Mrs. Finley opened her mouth to say something else, Mia did not want to hear anymore. She had had enough. She turned around and walked away, slowly, unsteadily, with her head hung in shame and dejection. When she reached the end of the hallway to her room--thank goodness their house was one story--she shut the door.
For what felt like eternity, she just stood there frozen. The only thought that played over and over in her head was “it’s not fair.” And it wasn’t. How could it be?
With a despairing sigh, she sank onto her bed mattress, then bending over, she unlaced her ballet slippers. As she held them in her hands, the scene began to play over in her head. The darkness of the street as she and Mrs. Finley were driving home. Then the sudden blinding light, and the blaring noise. The deafening crash right before the utter blackness.
Mia’s gaze wandered from the pink slippers in her hands down to the place where her prosthetic feet dangled over the side.
It had been five months since she had woken up, very sore, to the beeping and whirring beside her hospital bed.
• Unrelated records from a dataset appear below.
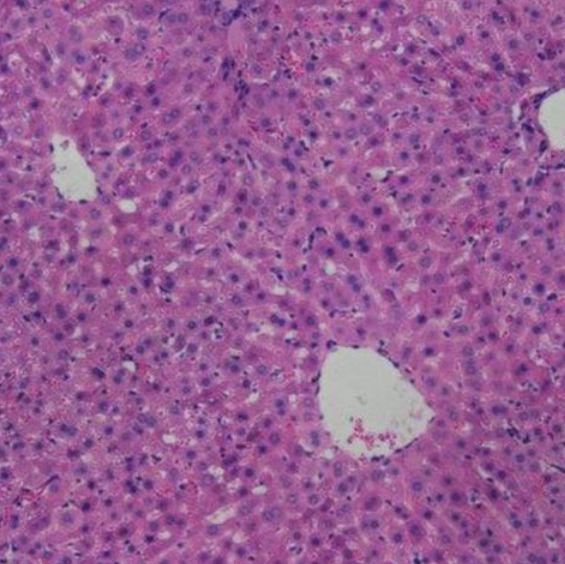 肿瘤组织HE染色服务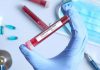 Objekti i ri i Pediatrisë në Mitrovicë do të shfrytëzohet për pacientët me coronavirus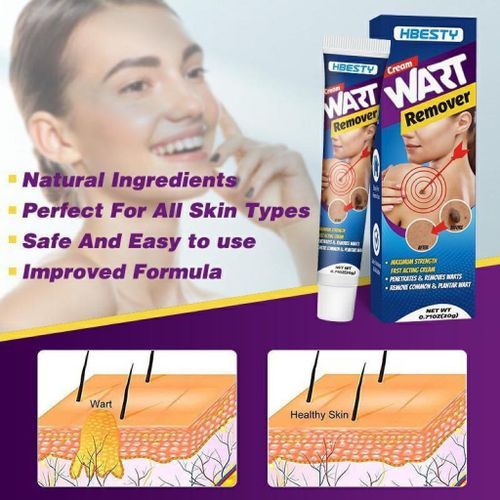 product_image_name-Generic-WART REMOVER ONITMENT-2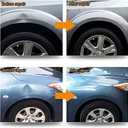 Auto Body Dent Puller Kit, Auto Paintless Dent Repair Kit with Bridge Puller, Dent Puller Kit, Car Dent Removal Kit Powerfully Pops Car Dents and Other Metal Surface Dents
After her eyes had blinked open, the first thing that she had perceived was that she was not in her room. She was not even in her own bed.
Mia had tried to stretch and flex her toes as she had done several times. To her horror, she had found that she could not.
She could not feel her toes. She could not feel her feet. What was going on? And where was her mother?
The doctor had walked in just seconds later after Mia had seen that the place where her feet usually stuck up under the blankets was unoccupied. The doctor came in, a gentle, kind smile on her face.
Two teenagers had been racing. One of them ran a red light just as Mia’s mom and her had been turning. They had gone spinning out of control until the rear end of the car was impaled, the side where Mia had been sitting.
Presently, Mia swiped a tear off her cheek.
It was not fair. To have the one thing she really wanted snatched away from her in the blink of an eye, it did not make any sense. If only they had taken the longer way home. If only Mia had not gone to ballet that day. If only those stupid, no-brained teenagers hadn’t decided to go racing.
If only, if only, if only.
It was not fair.
It was not fair at all.
And Mia could not change that.
Mia’s teacher, Miss Bella, was coming over for dinner that Saturday. It had become a regular custom during Mia’s recovery that she would visit every Saturday or Sunday just to check up on her favorite student. Since then, she had practically become family.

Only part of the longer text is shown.